There is a problem with observability. Its name is data. The complexity of a distributed systems environment is a problem in its unpredictability, anomalies, and unknown unknowns. But a bigger problem is the huge amounts of data it creates and the limited cognitive loads of humans. The solution is to ask our machines to help us with our machines. We have machines that can help us understand all the data our other machines are emitting now in ways the human brain simply cannot. Enter our AI. AIOps is a force multiplier. This AIOps capability scale explains how as teams evolve their use of these technologies, they gain increasing benefits.
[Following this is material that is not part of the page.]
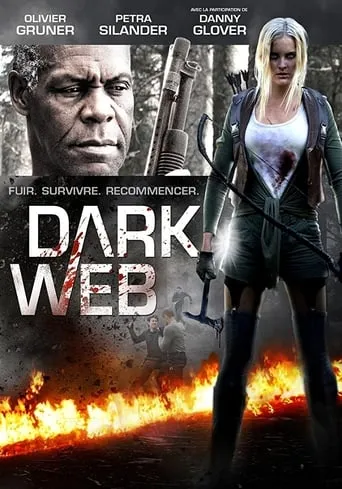 Darkweb movie poster - Rated 2.8/10
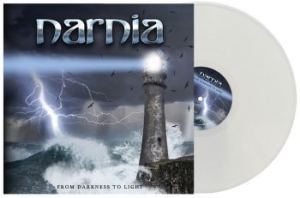 Narnia - From Darkness To Light (White Vinyl i gruppen Kampanjer / BlackFriday2020 hos Bengans Skivbutik AB (3568119)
Step 1: Reduce MTTR Through Noise Reduction: AIOps is typically adopted when teams are under pressure from high volumes of unplanned work caused by unstable and complex systems. This working environment is more than unpleasant; it causes burnout and is unsustainable. These teams likely have a multitude of monitoring systems and will be suffering from alert fatigue. At this initial step, the implementation of AIOps alleviates alert fatigue through noise reduction by de-duplicating and correlating alerts and events. This greatly reduces both the Mean Time To Discover and Mean Time to Resolve incidents, and consequently the amount of time spent on unplanned work. It doesn’t resolve the underlying causes of ongoing issues yet, though.
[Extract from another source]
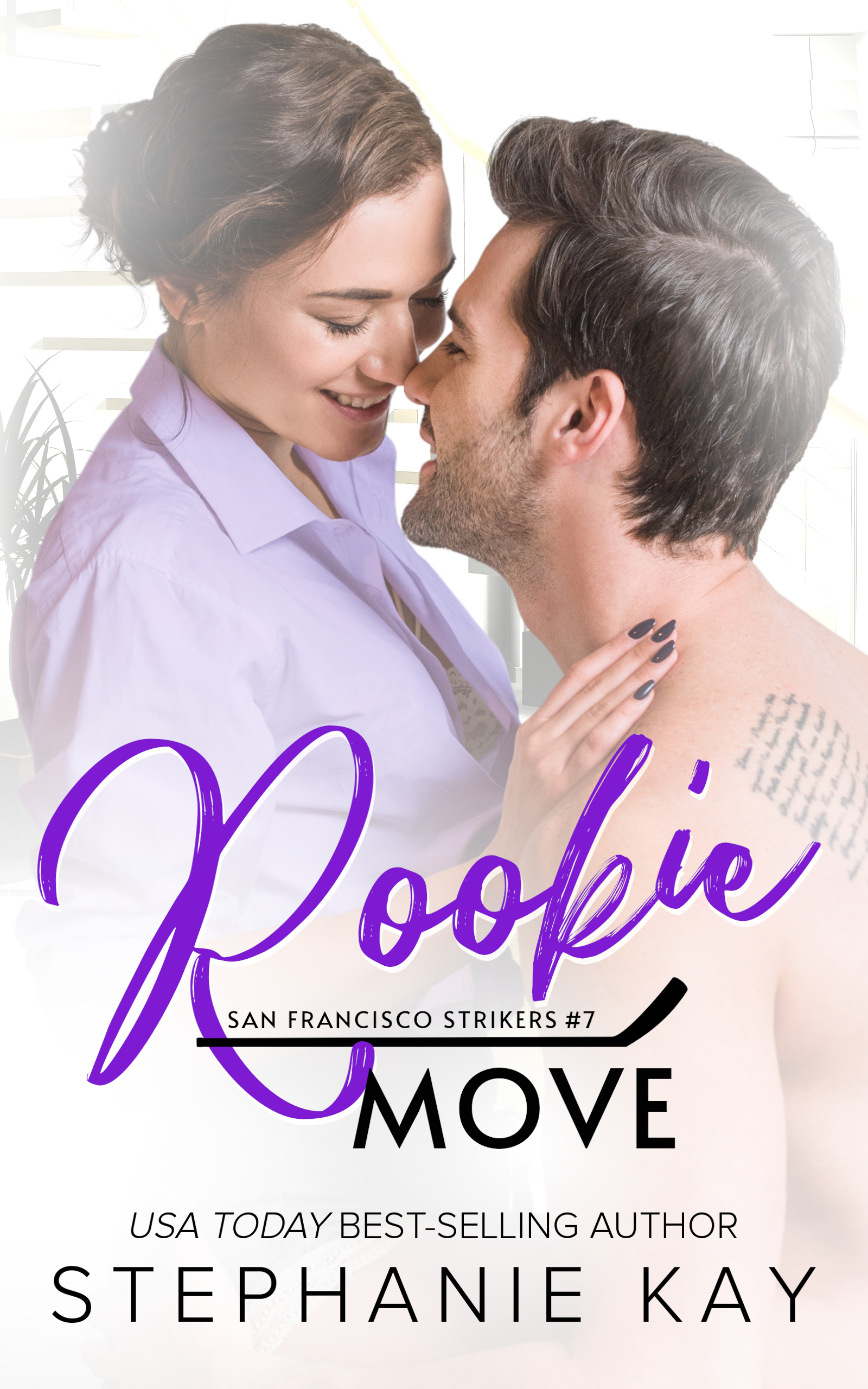 Rookie Move book cover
Step 2: Automate Toil Using Insights: Now that the teams are spending less time on unplanned work, they can reuse these newly available hours to identify where they are repeatedly performing the same manual tasks and automate them away. Insights from the AIOps tools will help them prioritize these efforts based on the frequency and severity of the issues they repeatedly face. Now they have even more time available.
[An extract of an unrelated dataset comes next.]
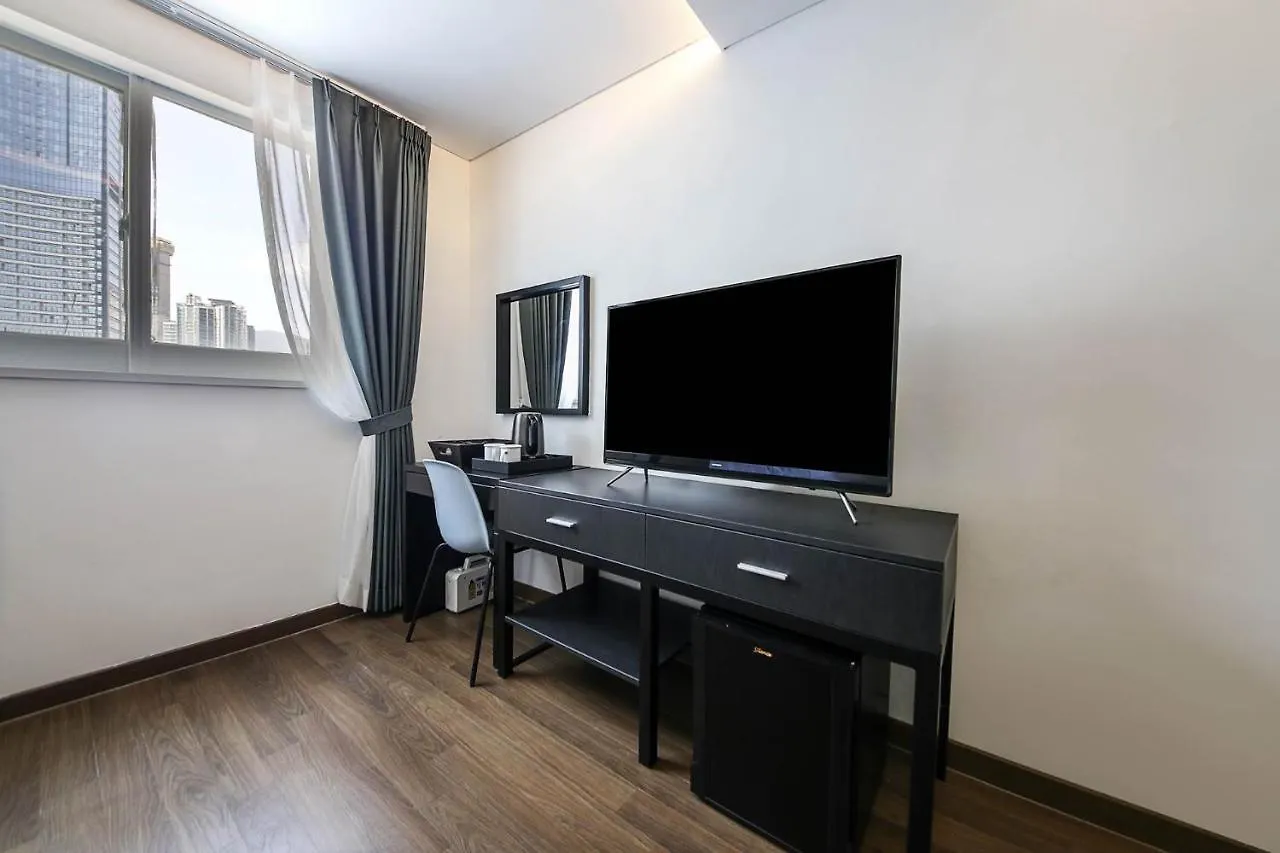 Hotel Hyggelig Пусан Южная Корея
Step 3: Pay Down Technical Debt for Increased Stability: These insights also tell us where our systems are most vulnerable to breakages, likely the areas where technical debt has been accrued through coding shortcuts, unresolved low-level defects, or lagging patching. Now the teams have time to pay this down and can plan their work (they can do this for toil automation, too) by writing user stories in their backlog. The teams can monitor their backlog over time now for work types – they’ll see that unplanned work dropping, an increase in toil automation, and tasks addressing technical debt. Then those will start to decrease too as the systems become more stable.

Step 4: Use Chaos Engineering for Antifragility: Once the systems have achieved sufficient stability and the teams are confident and can see they have the time available, they can start planned, controlled experiments to break them and learn from the results. We move beyond stability here towards resilience and then antifragility.

Step 5: Add More Automation for Self-healing Systems: All this time, the team now has on their hands! Unplanned work is close to zero since the causes of it have been resolved, there’s no toil left, and even when something bad does happen, it’s so quick to discover and resolve it. The team’s practiced automation to pay down that toil, and now they can take it a step further and automate fixes. This is self-healing; think of it as teaching your machines to look after themselves and each other.

Consequences

There’s only really one that matters; the sublime customer experience. If your customers are happy (and your business model works), you will have a high-performing organization. As your teams evolve their observability and AIOps capabilities, your customers can experience uninterrupted service. Another work item type the teams can be working on is innovation – this is value creation for your customers. This is the stuff that differentiates you from your competitors and propels you to the top of your market.